■ The data
####

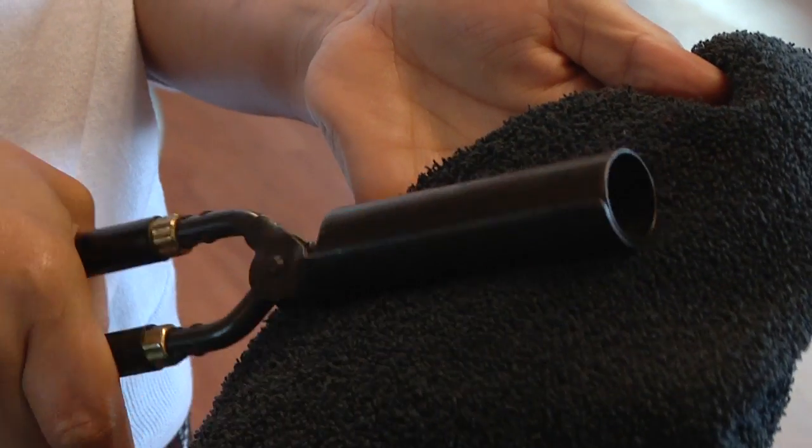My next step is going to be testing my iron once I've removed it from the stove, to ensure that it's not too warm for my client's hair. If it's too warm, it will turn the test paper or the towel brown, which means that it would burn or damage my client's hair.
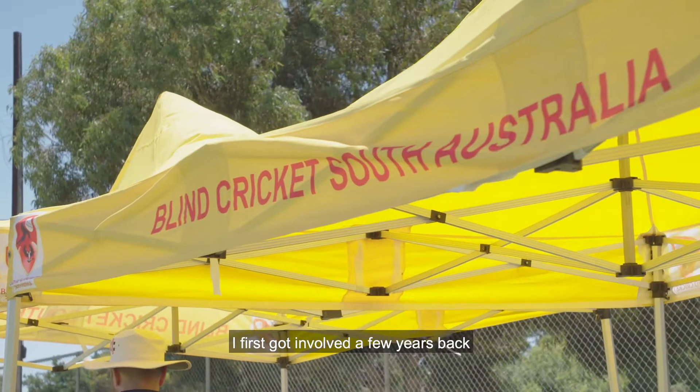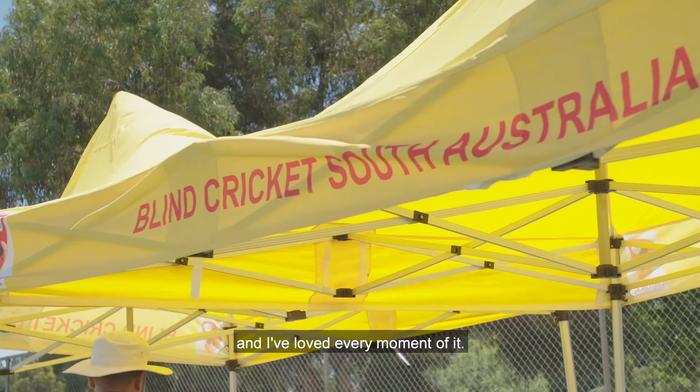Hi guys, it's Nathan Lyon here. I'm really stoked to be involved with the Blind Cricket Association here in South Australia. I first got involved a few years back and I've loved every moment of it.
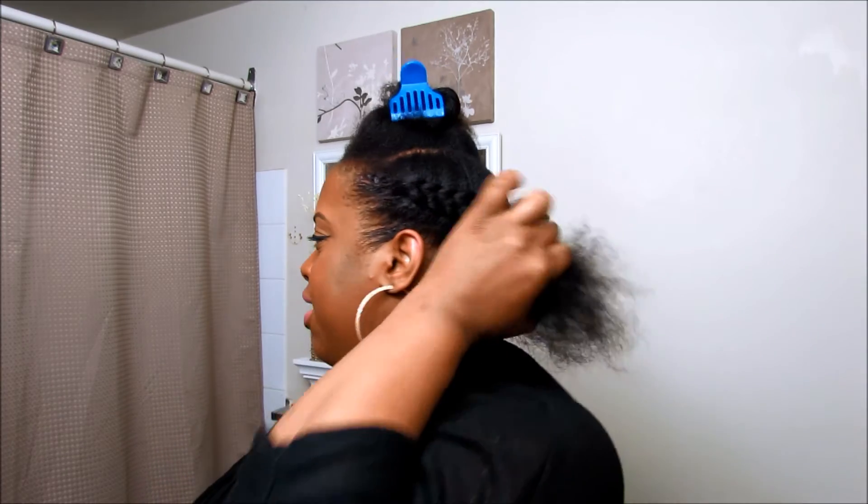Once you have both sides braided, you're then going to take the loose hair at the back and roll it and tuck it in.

####

Without the pictures, retype the whole of the material above exactly.

■ Exercise response
My next step is going to be testing my iron once I've removed it from the stove, to ensure that it's not too warm for my client's hair. If it's too warm, it will turn the test paper or the towel brown, which means that it would burn or damage my client's hair.
Hi guys, it's Nathan Lyon here. I'm really stoked to be involved with the Blind Cricket Association here in South Australia. I first got involved a few years back and I've loved every moment of it.
Once you have both sides braided, you're then going to take the loose hair at the back and roll it and tuck it in.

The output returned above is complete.